About this task: A single number is required: how many lines in the data below contain "Chart".

Records from a collection
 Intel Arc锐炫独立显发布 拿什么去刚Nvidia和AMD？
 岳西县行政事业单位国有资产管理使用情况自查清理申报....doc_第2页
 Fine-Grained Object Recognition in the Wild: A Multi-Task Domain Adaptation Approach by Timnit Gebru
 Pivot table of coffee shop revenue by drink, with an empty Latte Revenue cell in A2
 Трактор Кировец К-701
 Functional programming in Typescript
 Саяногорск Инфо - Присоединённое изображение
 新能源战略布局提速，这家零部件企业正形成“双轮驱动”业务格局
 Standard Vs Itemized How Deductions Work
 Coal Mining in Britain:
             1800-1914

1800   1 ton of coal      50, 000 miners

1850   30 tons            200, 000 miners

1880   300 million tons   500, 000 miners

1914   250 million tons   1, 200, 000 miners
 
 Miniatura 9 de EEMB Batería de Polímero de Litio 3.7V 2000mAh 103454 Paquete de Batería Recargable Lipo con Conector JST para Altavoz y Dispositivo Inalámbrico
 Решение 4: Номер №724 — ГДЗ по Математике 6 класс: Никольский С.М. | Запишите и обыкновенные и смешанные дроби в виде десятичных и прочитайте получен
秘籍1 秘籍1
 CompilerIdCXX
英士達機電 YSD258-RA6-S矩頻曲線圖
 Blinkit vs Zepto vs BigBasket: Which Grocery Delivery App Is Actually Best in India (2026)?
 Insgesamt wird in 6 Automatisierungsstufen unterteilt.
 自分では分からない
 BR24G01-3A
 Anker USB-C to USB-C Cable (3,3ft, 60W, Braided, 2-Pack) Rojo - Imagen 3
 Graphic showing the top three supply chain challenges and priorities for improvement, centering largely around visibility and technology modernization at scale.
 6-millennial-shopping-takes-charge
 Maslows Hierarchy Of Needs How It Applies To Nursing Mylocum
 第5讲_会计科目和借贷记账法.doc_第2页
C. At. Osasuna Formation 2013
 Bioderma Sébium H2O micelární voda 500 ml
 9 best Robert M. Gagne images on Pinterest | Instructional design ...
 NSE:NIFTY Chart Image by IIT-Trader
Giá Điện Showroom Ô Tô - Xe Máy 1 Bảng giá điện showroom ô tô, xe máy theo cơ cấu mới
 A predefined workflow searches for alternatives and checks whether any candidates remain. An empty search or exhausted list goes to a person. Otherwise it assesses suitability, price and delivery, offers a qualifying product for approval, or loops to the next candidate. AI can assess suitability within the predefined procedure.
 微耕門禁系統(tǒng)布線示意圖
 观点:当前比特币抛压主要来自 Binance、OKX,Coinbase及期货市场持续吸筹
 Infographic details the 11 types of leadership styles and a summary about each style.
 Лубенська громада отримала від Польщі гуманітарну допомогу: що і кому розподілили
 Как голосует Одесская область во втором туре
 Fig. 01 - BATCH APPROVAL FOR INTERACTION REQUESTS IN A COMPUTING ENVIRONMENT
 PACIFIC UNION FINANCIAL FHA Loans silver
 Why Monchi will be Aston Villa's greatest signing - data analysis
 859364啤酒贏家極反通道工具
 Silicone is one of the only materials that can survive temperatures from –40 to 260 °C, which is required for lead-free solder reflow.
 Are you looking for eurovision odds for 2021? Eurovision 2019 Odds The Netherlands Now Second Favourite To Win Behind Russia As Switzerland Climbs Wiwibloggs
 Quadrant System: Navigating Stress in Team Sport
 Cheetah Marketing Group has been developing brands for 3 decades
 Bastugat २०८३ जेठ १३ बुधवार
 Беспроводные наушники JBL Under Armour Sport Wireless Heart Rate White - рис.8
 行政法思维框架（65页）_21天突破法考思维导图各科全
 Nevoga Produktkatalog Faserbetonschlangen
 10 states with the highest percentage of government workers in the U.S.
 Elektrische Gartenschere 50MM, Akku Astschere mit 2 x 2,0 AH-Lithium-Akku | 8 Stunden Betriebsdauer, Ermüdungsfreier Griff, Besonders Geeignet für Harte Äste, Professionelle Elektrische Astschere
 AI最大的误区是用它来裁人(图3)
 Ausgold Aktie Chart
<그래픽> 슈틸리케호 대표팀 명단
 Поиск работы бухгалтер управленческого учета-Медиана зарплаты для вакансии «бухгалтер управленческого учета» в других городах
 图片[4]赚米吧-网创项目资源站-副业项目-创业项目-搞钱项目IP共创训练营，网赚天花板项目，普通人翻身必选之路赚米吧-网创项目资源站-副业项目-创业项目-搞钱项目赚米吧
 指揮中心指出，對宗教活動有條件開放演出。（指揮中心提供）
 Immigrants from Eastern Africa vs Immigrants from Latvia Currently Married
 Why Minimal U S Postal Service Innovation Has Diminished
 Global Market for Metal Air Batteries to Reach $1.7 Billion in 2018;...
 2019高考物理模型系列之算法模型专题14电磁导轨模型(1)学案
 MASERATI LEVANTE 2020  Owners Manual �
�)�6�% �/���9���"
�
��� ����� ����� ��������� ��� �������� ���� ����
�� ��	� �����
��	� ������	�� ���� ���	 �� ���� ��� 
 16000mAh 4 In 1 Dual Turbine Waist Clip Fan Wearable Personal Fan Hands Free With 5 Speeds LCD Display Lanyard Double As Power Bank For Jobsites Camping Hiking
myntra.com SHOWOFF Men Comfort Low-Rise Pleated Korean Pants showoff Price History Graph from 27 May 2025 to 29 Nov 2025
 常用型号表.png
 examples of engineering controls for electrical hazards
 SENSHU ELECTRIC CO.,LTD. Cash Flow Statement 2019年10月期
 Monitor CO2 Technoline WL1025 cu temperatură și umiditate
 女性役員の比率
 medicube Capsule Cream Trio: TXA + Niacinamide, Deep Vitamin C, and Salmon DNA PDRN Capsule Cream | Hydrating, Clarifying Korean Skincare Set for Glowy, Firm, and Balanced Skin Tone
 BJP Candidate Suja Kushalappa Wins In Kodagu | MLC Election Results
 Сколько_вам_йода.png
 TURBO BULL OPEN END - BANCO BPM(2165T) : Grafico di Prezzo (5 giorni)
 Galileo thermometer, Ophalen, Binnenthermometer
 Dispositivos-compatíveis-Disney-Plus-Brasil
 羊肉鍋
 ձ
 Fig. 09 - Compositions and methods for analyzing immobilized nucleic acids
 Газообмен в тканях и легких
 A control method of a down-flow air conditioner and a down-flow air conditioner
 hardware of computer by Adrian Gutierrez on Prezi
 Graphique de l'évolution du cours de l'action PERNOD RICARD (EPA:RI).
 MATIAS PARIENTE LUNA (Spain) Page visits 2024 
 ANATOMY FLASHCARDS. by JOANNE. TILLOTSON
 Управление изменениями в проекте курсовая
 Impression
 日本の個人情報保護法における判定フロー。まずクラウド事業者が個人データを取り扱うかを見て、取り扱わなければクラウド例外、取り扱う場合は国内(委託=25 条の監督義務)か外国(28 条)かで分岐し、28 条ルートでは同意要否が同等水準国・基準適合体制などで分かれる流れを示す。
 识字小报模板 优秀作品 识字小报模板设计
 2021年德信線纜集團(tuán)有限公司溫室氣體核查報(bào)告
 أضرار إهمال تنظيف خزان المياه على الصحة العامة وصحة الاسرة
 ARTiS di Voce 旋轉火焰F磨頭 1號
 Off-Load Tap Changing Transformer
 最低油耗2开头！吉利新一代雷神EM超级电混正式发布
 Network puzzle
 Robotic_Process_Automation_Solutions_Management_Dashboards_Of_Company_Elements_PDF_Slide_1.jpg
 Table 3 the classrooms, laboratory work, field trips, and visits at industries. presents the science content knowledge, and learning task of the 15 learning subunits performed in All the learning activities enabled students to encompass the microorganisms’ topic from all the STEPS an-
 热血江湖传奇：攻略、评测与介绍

Exercise response: 2